The Z-Base 580 features an updated version of Zvox's proprietary PhaseCue virtual-surround processing, now called PhaseCue II, which you can use in three strengths, 1, 2, or 3. We found "1" restricted the sound field to the width of the Z-Base 580; "2" spread the soundstage beyond the edge of the speaker; but "3" was too much of a good thing, and the sound was too hollow or diffused. Set to "2," the Z-Base 580 produced a spacious stereo soundstage, but the Zvox system does not try to simulate surround effects. Billy Joel's 57,000 fans' cheers and applause were confined to the front of the CNET listening room.
We next compared the Z-Base 580 with Harman Kardon's SB 16 sound-bar/subwoofer system ($600). The SB 16 has one of the biggest subs we've ever seen included with a sound-bar system, and it generated a lot more and higher-quality bass than the Z-Base 580 could muster on its own. We also thought that the SB 16's sound bar produced clearer and more natural sound; the Z-Base 580 sounded more "closed-in" and boxy than the SB 16. Joel's fans' cheers were still in the front of the room, but their cheers sounded more natural. The brutal fight scenes in the "Sin City" DVD packed substantially more wallop over the SB 16.

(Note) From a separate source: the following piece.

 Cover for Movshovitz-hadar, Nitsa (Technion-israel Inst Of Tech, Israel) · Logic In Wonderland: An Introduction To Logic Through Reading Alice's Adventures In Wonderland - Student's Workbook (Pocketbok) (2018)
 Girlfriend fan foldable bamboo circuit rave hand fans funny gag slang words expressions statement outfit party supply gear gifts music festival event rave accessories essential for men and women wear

We used the naval battle scenes from the "Master and Commander" Blu-ray to check the Z-Base 580's Output Leveling (dynamic range compression) feature. Turning it on during a quiet scene immediately boosted the overall volume, but the volume stayed at a consistent level, whether the sailors were talking, or cannon balls were smashing through the sides of wooden ships. So when you turn down the volume for late-night listening, the clarity of the quieter scenes doesn't suffer, and you won't have to turn down the volume for the big explosions or special effects. We didn't detect any muffling or sound-degrading problems caused by the Output Leveling feature. The Dialogue Emphasis feature was fairly subtle in its effect, but it also worked well. Between the Dialogue Emphasis and PhaseCueII adjustments, it's easy to dial in the right amount of dialogue clarity on the 580.
CD sound was acceptable, but we really noticed the Z-Base 580's limitations compared with stereo speakers when listening to CDs. The speaker can play fairly loud without distress, but we much preferred listening to the Z-Base 580 at moderate or low volume. And some tracks sounded downright bad; a few songs off Radiohead's "Amnesiac" caused the 580's woofers to buzz in a way you really don't expect to hear on a $600 sound system.
Considering the Z-Base 580's price, size, and new features, we expected more in the way of sound quality. It's certainly no competition for the Harman Kardon SB 16 in terms of performance.
The Zvox Z-Base 580 has a nearly perfect sound-bar design and a solid feature set, but it won't please critical listeners and the smaller Z-Base 555 is a better value.